» **Exercise directions**: When you restate the records, do so word for word and omit any picture they contain.

» **Dataset content**:
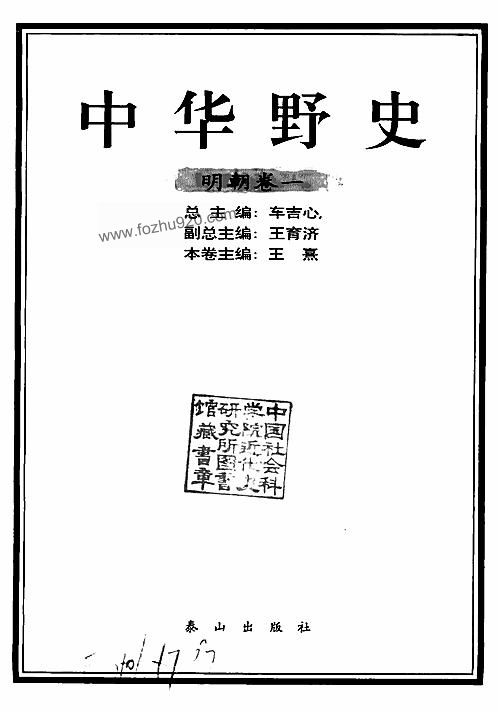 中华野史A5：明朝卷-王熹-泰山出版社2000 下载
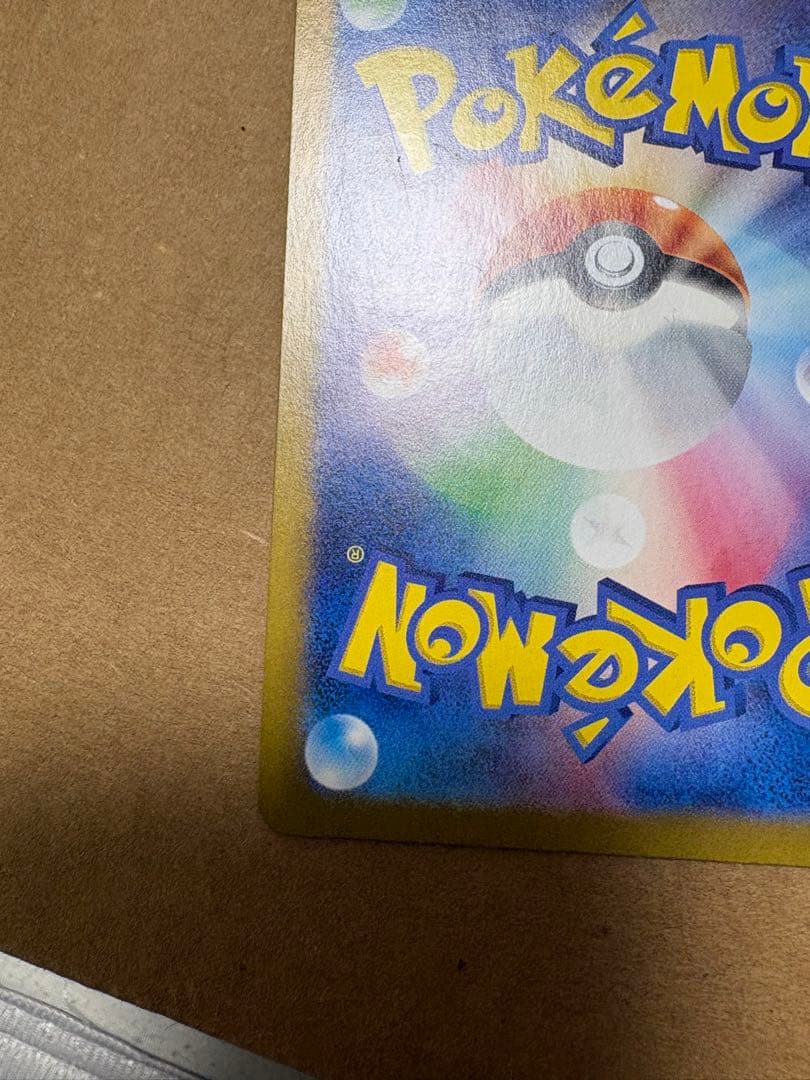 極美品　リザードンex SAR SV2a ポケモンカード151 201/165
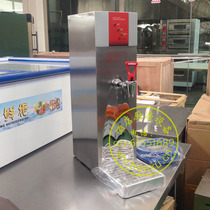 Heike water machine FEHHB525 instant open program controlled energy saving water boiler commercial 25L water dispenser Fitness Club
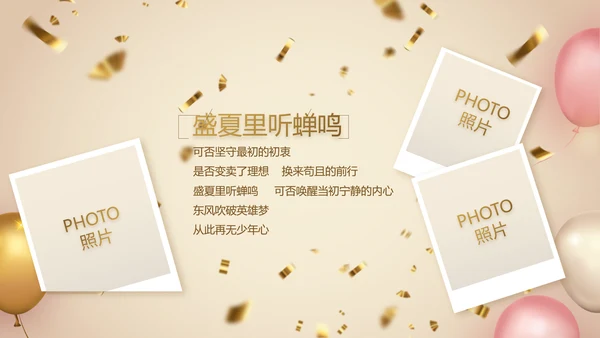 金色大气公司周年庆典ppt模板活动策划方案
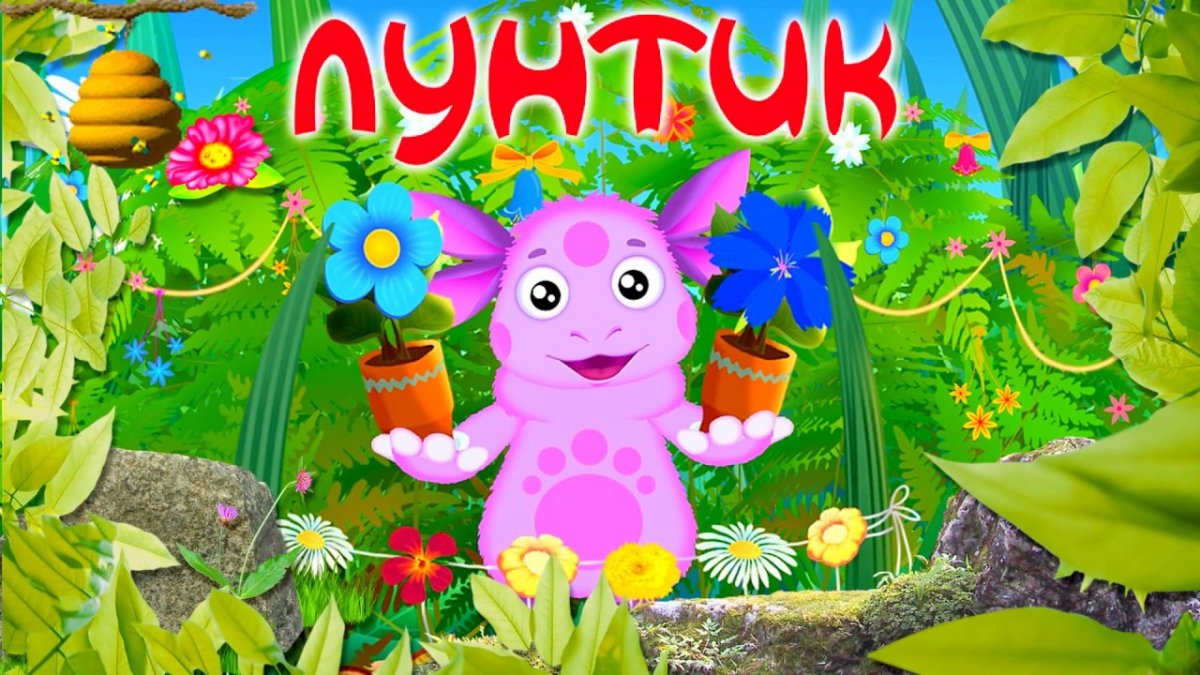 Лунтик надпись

» **Response area**:
 中华野史A5：明朝卷-王熹-泰山出版社2000 下载
 極美品　リザードンex SAR SV2a ポケモンカード151 201/165
 Heike water machine FEHHB525 instant open program controlled energy saving water boiler commercial 25L water dispenser Fitness Club
 金色大气公司周年庆典ppt模板活动策划方案
 Лунтик надпись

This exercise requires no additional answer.